Reproduce the listing in full, exactly as written, but without images.

Data provided Block Start

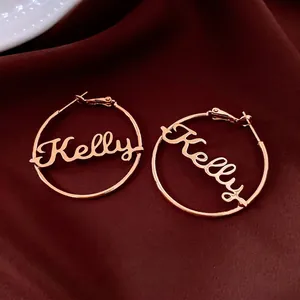 Custom 18K rose gold plated hoop earrings featuring cursive Kelly name on red velvet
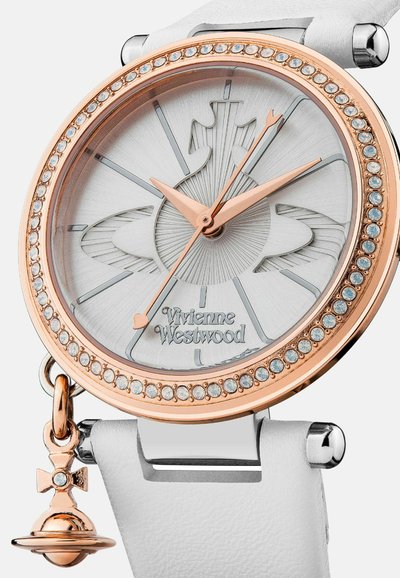 Wit leren horloge met een zilveren wijzerplaat met stralende lijnen, roségouden accenten en een bezel met sierstenen. Voorzien van een hangend bedeldetail.
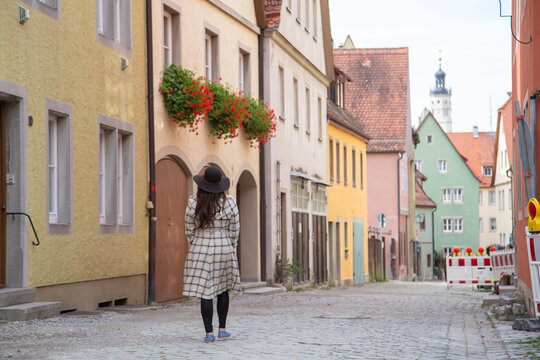 A girl wanders the modern yet medieval streets of Europe.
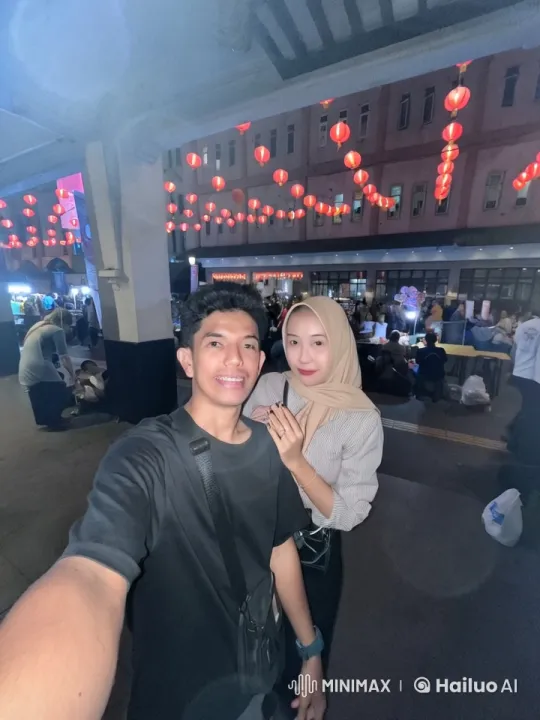 Romantic Couple Kiss Under Red Lanterns at Night Market – AI Generated Video | Hailuo AI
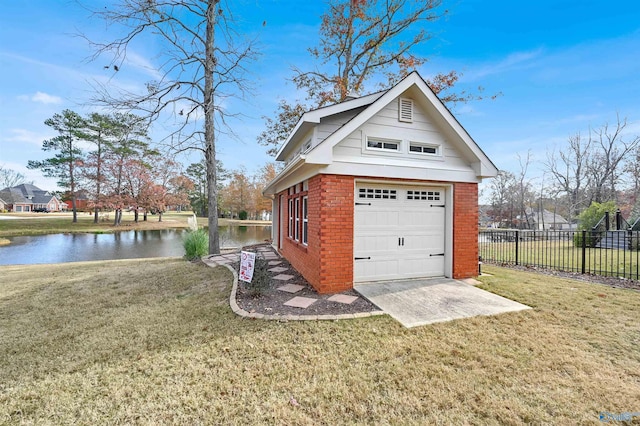 garage with a yard and a water view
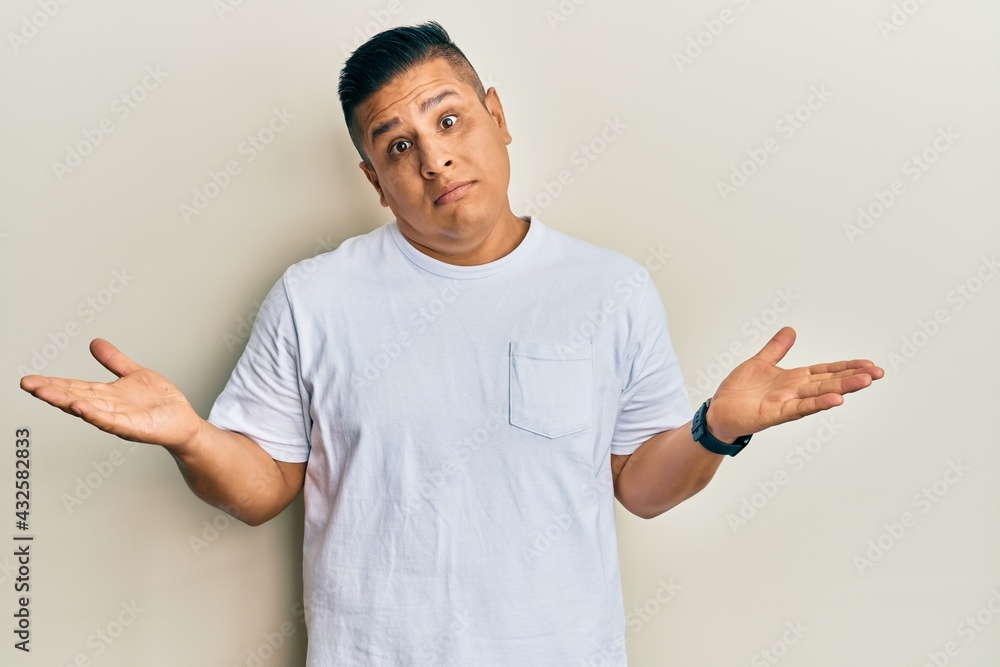 Young latin man wearing casual white t shirt clueless and confused expression with arms and hands raised. doubt concept. Young latin man wearing casual white t shirt clueless and confused expression with arms and hands raised. doubt concept.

Data provided Block End

Your solution
 Custom 18K rose gold plated hoop earrings featuring cursive Kelly name on red velvet
 Wit leren horloge met een zilveren wijzerplaat met stralende lijnen, roségouden accenten en een bezel met sierstenen. Voorzien van een hangend bedeldetail.
 A girl wanders the modern yet medieval streets of Europe.
 Romantic Couple Kiss Under Red Lanterns at Night Market – AI Generated Video | Hailuo AI
 garage with a yard and a water view
 Young latin man wearing casual white t shirt clueless and confused expression with arms and hands raised. doubt concept. Young latin man wearing casual white t shirt clueless and confused expression with arms and hands raised. doubt concept.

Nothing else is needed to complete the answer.